■ Records for the task:

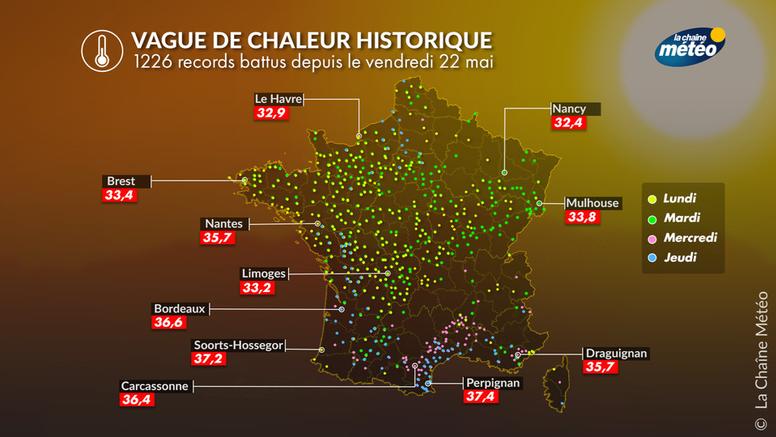 Canicule et vague de chaleur : plus de 1200 records mensuels en 7 jours, jusqu'à 39°C à Fitou (11)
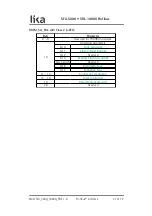 Preview for 47 page of Lika DRAW WIRE SFA-10000 Series User Manual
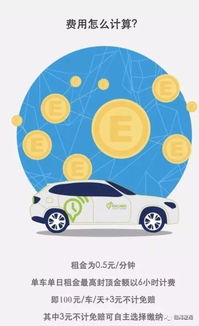 临海共享汽车押金多少 临海共享汽车押金多少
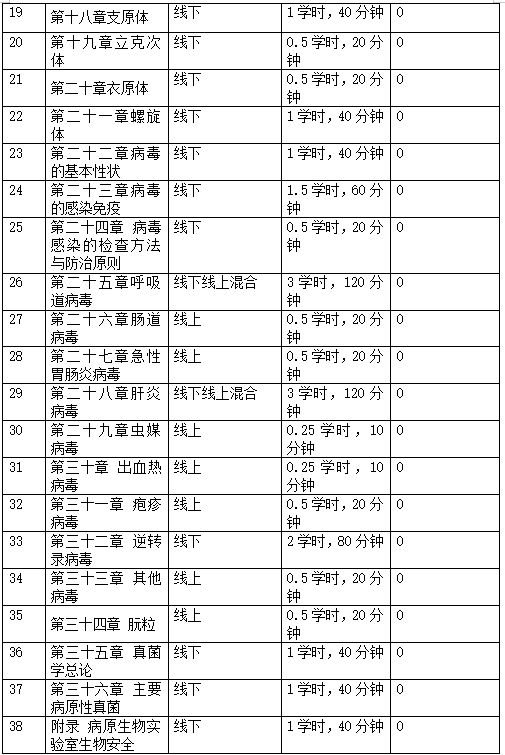 课程质量标准图2 课程质量标准图2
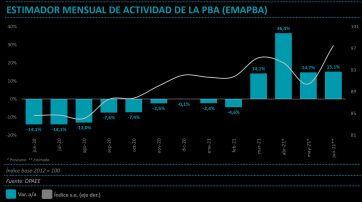 En julio, la actividad económica de la Provincia creció 15,3% interanual 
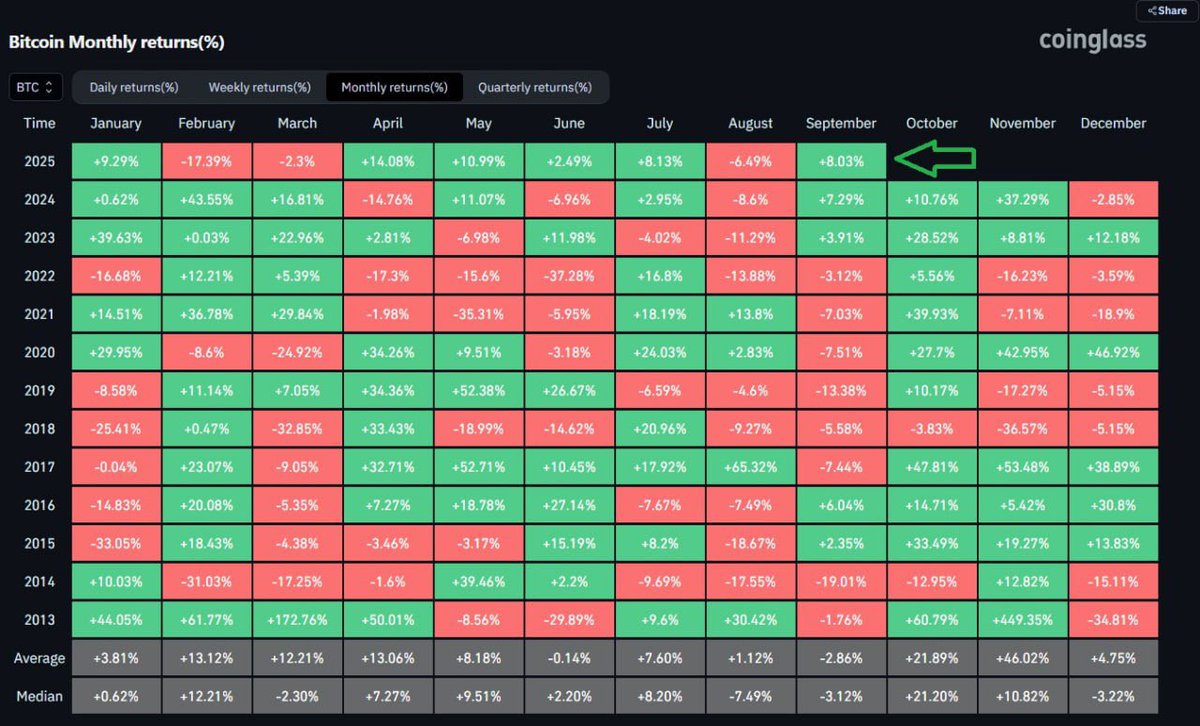 AshCrypto's tweet image. $BTC IS HAVING ITS BEST EVER SEPTEMBER IN 13 YEARS.

EVERYTIME BITCOIN HAS CLOSED SEPTEMBER IN GREEN, OCTOBER AND NOVEMBER HAVE BEEN GIGA BULLISH.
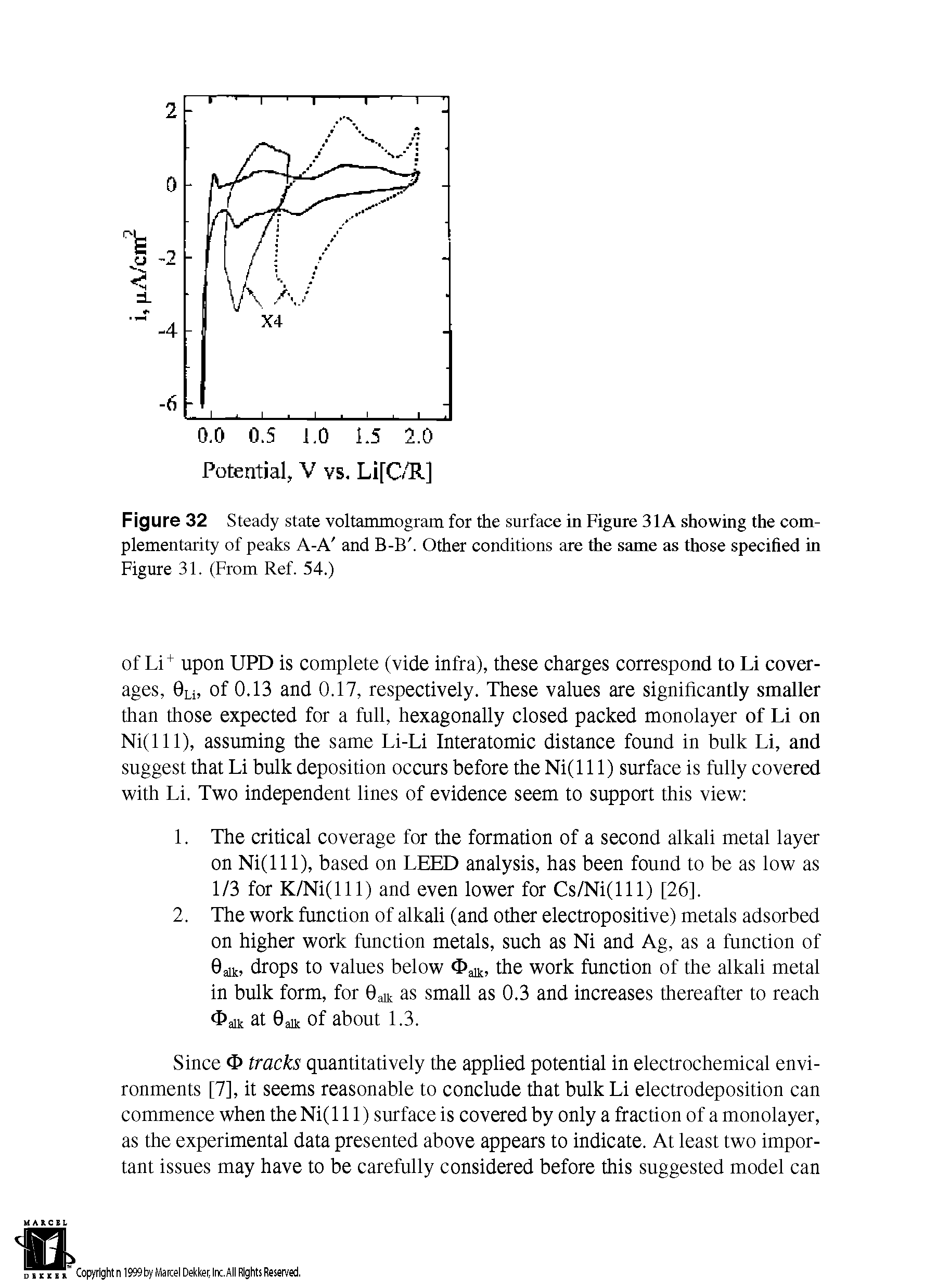 Figure 32 Steady state voltammogram for the surface in Figure 31A showing the complementarity of peaks A-A and B-B. Other conditions are the same as those specified in Figure 31. (From Ref. 54.)...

■ Task requirements: Word for word and without pictures, restate only the lines running from the one that contains "En julio, la" through the last line of the listing above.

■ Output of the task:
 En julio, la actividad económica de la Provincia creció 15,3% interanual 
 AshCrypto's tweet image. $BTC IS HAVING ITS BEST EVER SEPTEMBER IN 13 YEARS.

EVERYTIME BITCOIN HAS CLOSED SEPTEMBER IN GREEN, OCTOBER AND NOVEMBER HAVE BEEN GIGA BULLISH.
 Figure 32 Steady state voltammogram for the surface in Figure 31A showing the complementarity of peaks A-A and B-B. Other conditions are the same as those specified in Figure 31. (From Ref. 54.)...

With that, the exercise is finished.